Updated on Oct 22,2024

 WIRE ROD FUTURES RULES OF THE SHANGHAI FUTURES EXCHANGE

CHAPTER 1 GENERAL PROVISIONS

Article 1 These Wire Rod Futures Rules are made in accordance with the General Exchange Rules of the Shanghai Futures Exchange, the SHFE Wire Rod Futures Contract Specifications, and the relevant business rules to regulate business related to wire rod futures at the Shanghai Futures Exchange (the “Exchange”).

Article 2 These Wire Rod Futures Rules shall be observed by the Exchange, Members, Clients, Delivery Storage Facilities, Designated Inspection Agencies, Futures Margin Depository Institutions, and other participants of the futures market.

CHAPTER 2 TRADING

Article 3 Contract size for wire rod futures is ten (10) metric tons per lot.

Article 4 Price quotation of a wire rod futures contract is Yuan (RMB)/metric ton.

Article 5 Minimum price fluctuation of a wire rod futures contract is one (1) Yuan/metric ton.

Article 6 Listed contracts of wire rod futures cover the most recent twelve (12) months.

Article 7 Trading hours of a wire rod futures contract are 9:00 a.m. to 11:30 a.m., 1:30 p.m. to 3:00 p.m., and other hours specified by the Exchange.

Article 8 The last trading day of a wire rod futures contract is the 15th day of the contract month. The last trading day will be postponed accordingly if it is a legal holiday in China, and will be subject to separate adjustment and announcement by the Exchange if it falls in the Spring Festival month or any other month specially designated by the Exchange.

Article 9 Contract symbol of wire rod futures is WR.

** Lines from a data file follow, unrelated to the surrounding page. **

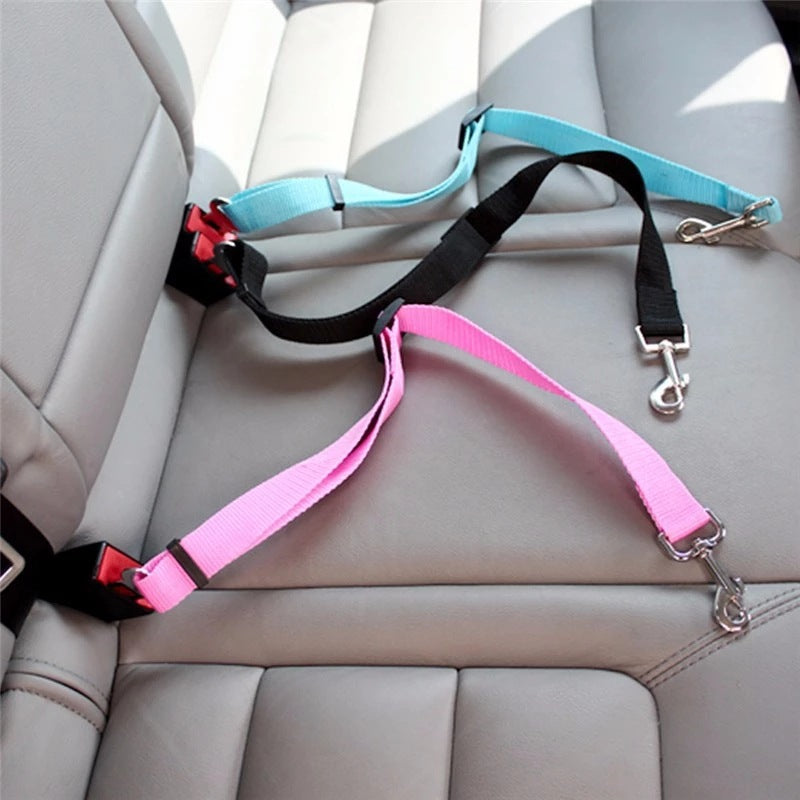 Three MATERA PET dog seat belt tethers in sky blue, black and pink on a car seat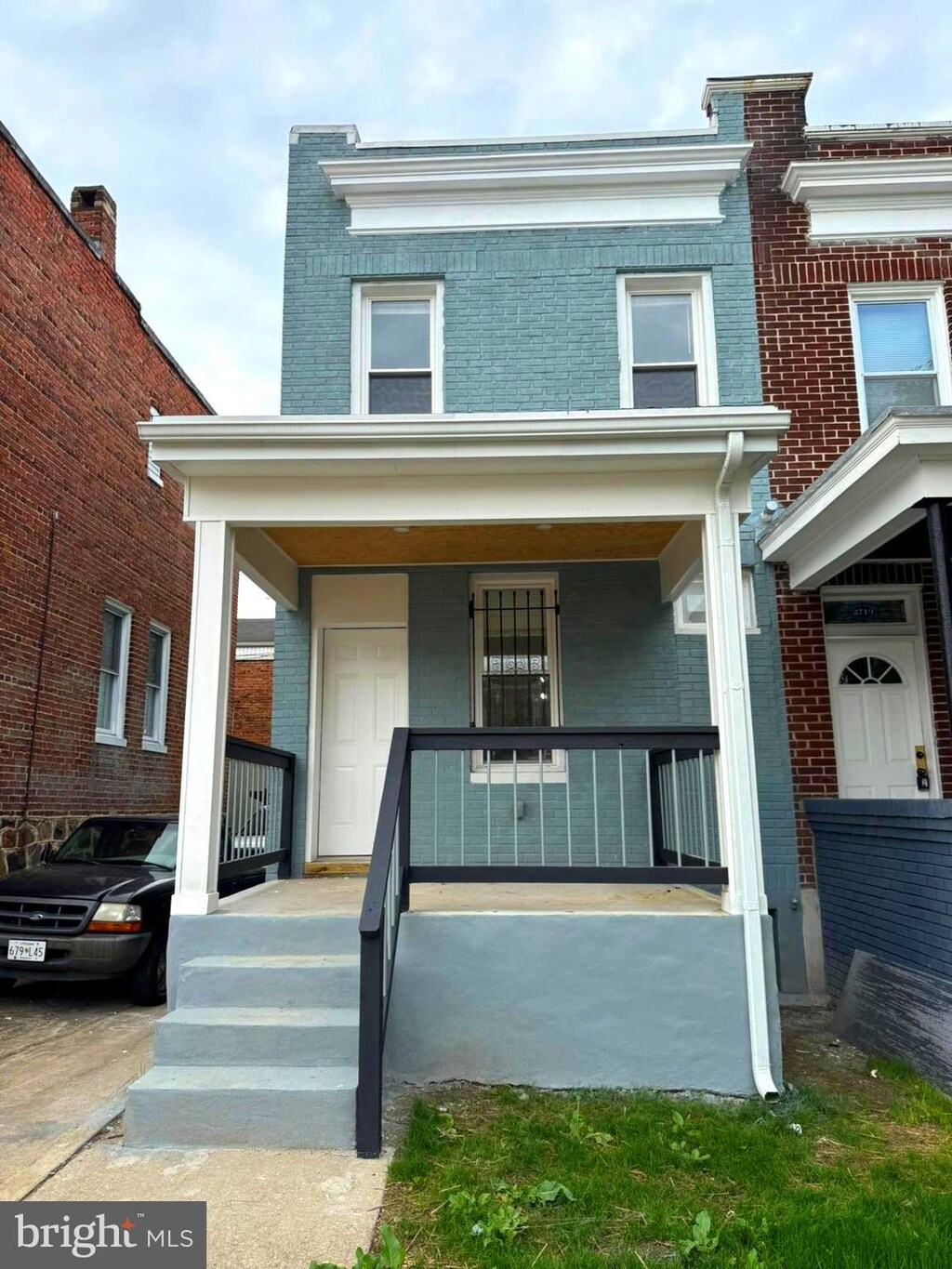 2717 Wilkens Ave, Baltimore, MD 21223 - view of front of property with a porch and brick siding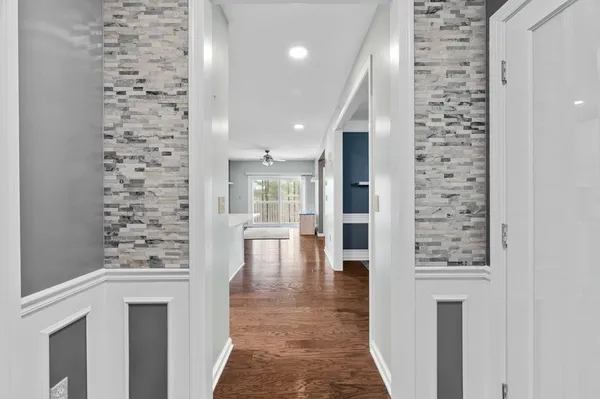 a view of a hallway with a dining table and chairs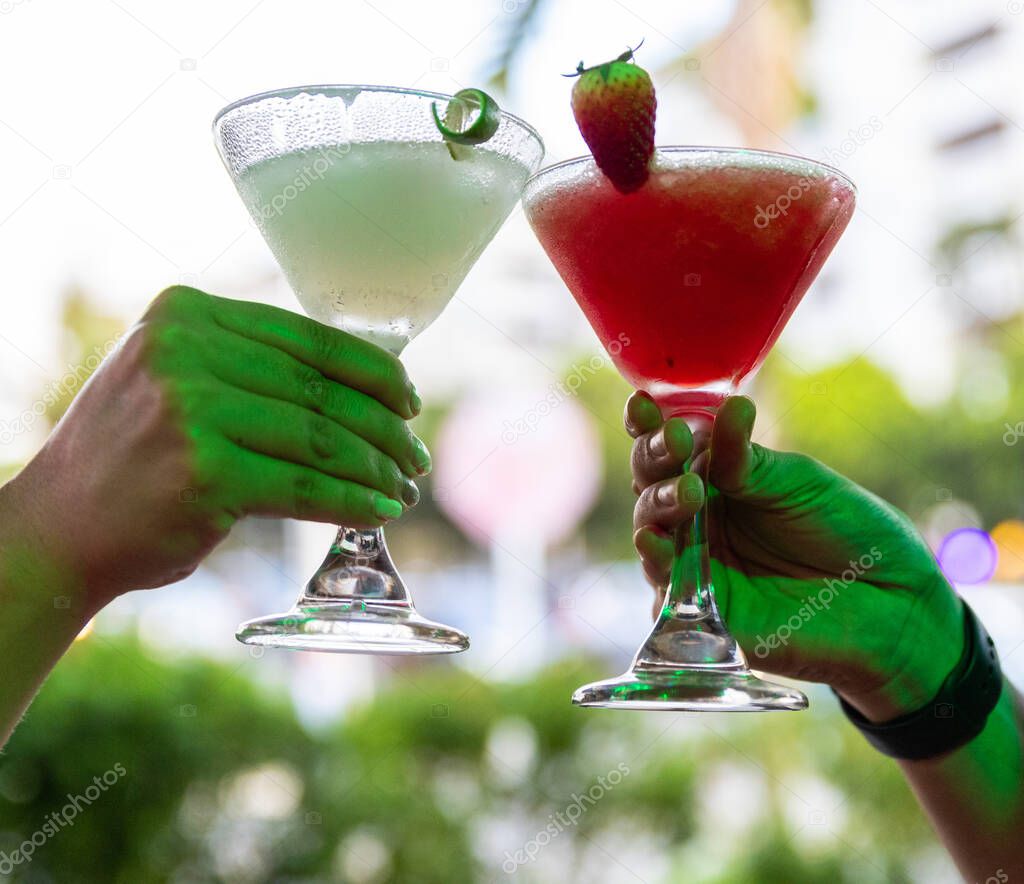 A closeup of two hands cheering with a strawberry mocktail and a blended margarita cocktail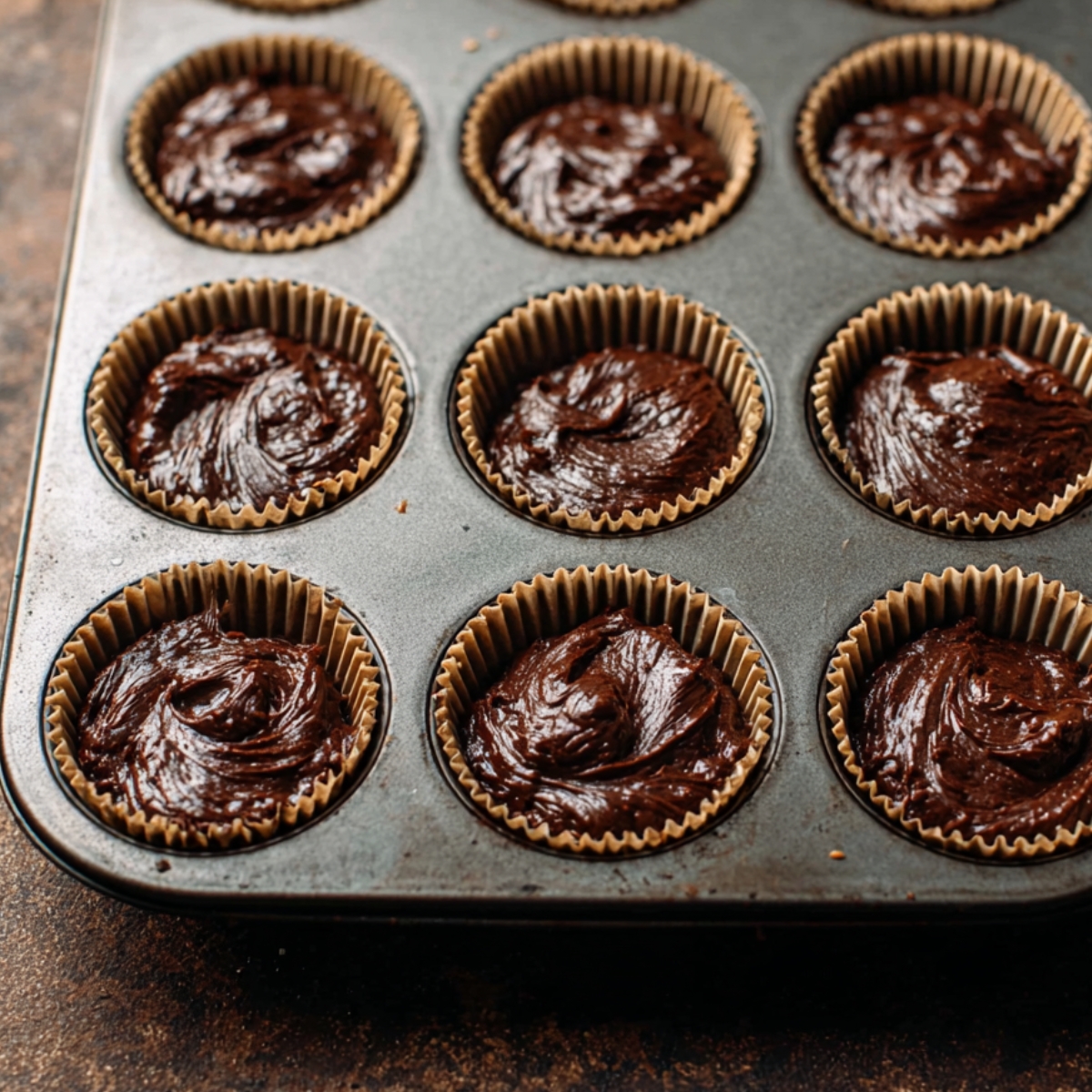 Easy Smores Brownie Cupcakes 10 Slide the pans into the oven and bake for 25 to 28 minutes. Start checking at 22 minutes by inserting a toothpick into the center. It should come out with a few moist crumbs but no wet batter. Let the cupcakes cool completely in the pans before frosting.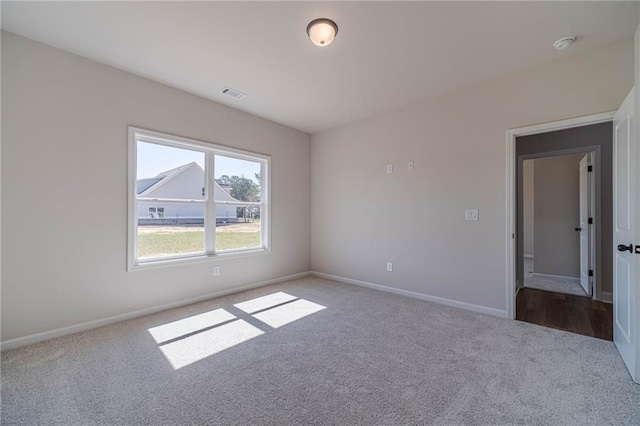 unfurnished room with visible vents, baseboards, and carpet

Article 10 For the hedging and arbitrage quotas of a wire rod futures contract, regular months extend from the day of listing to the last trading day of the second month before the delivery month, while nearby delivery months cover the month before the delivery month and the delivery month.

Article 11 An application for a regular month hedging quota of a wire rod futures contract shall be submitted by the last trading day of the second month before the delivery month of the contract. Late applications will not be accepted by the Exchange.

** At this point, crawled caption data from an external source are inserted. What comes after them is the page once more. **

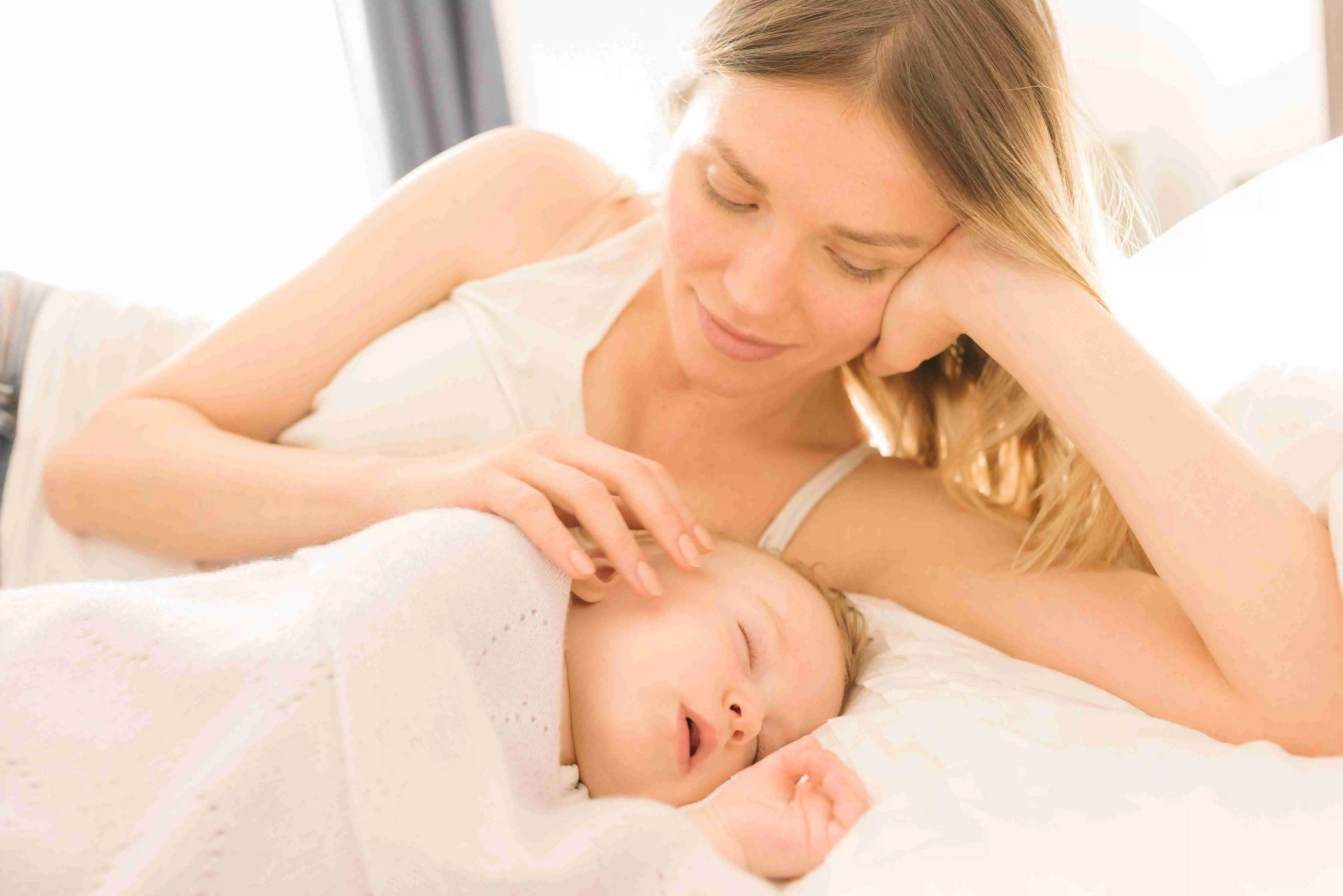 Mother watching over sleeping baby on bed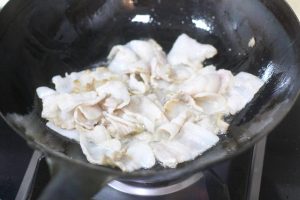 Render the Pork Heat your wok or large skillet over medium-high heat. Add the sliced pork belly. Stir-fry until the meat changes color and the edges begin to turn slightly golden.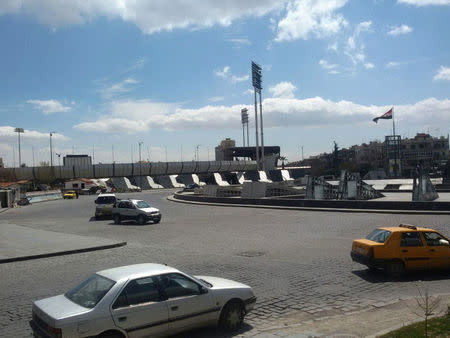 Vehicles drive at Abbasiyin square in the east of the capital Damascus, in this handout picture provided by SANA on March 20, 2017, Syria. SANA/Handout via REUTERS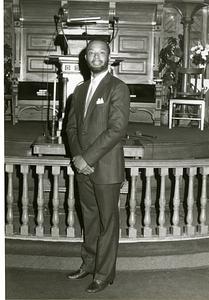 St. Paul AME, Ken Reeves standing in front of pulpit, Oct. 1983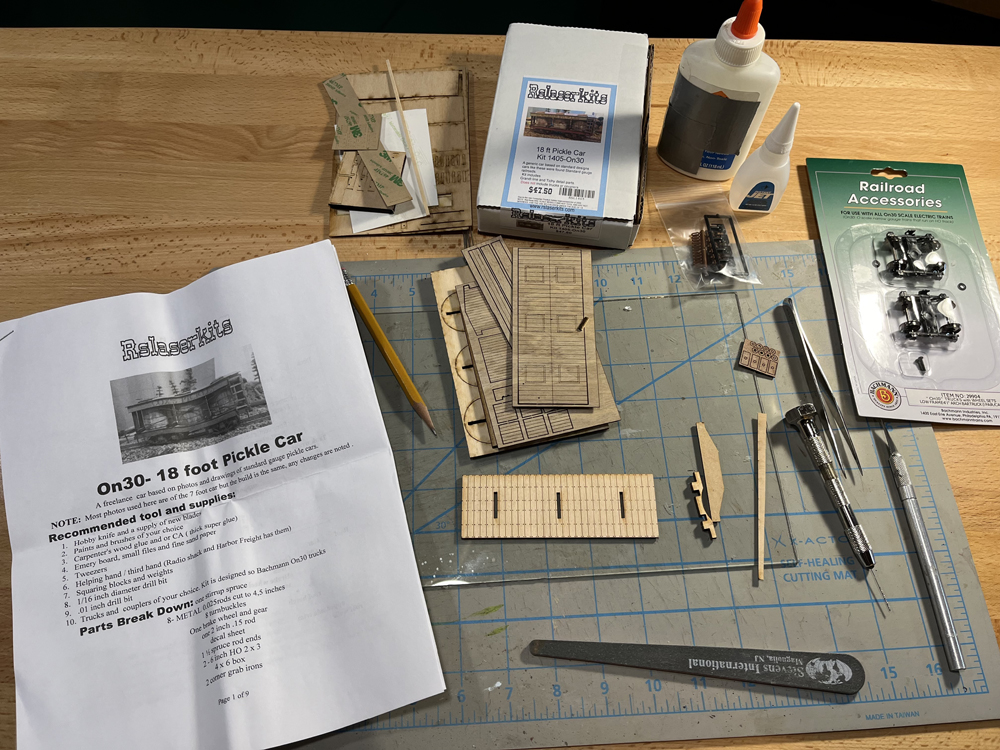 Color photo of kit components and tools on workbench.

An application for a nearby delivery month hedging quota of a wire rod futures contract shall be submitted between the first trading day of the third month before the delivery month of the contract and the last trading day of the month before the delivery month. Late applications will not be accepted by the Exchange. An application for a nearby delivery month arbitrage quota of a wire rod futures contract shall be submitted between the first trading day of the second month before the delivery month of the contract and the last trading day of the month before the delivery month. Late applications will not be accepted by the Exchange.

Article 12 Hedging quota of a wire rod futures contract shall no longer be used in a revolving manner starting from the first trading day of the delivery month.

CHAPTER 3 DELIVERY

SECTION 1 GENERAL PROVISIONS

Article 13 A wire rod futures contract may be physically delivered through an Exchange of Futures for Physicals (“EFP”), a delivery warehouse, or a delivery factory.

Wire rod futures adopt duty-paid delivery.

Article 14 Grade and quality specifications are provided in the SHFE Wire Rod Futures Contract Specifications.

Article 15 Quality specifications

The deliverable wire rods shall be registered commodities from a manufacturer registered with the Exchange. The shape, dimension, weight, and tolerance of deliverable wire rods shall conform to the specifications of National Standard GB 1499.1-2024: Steel for Reinforced Concrete, Part 1: Hot-Rolled Plain Bars.

Article 16 Packaging

Wire rods shall be delivered in coils and their packaging, mark, and certificate of quality shall conform to the specifications of National Standard GB 1499.1-2024: Steel for Reinforced Concrete, Part 1: Hot-Rolled Plain Bars.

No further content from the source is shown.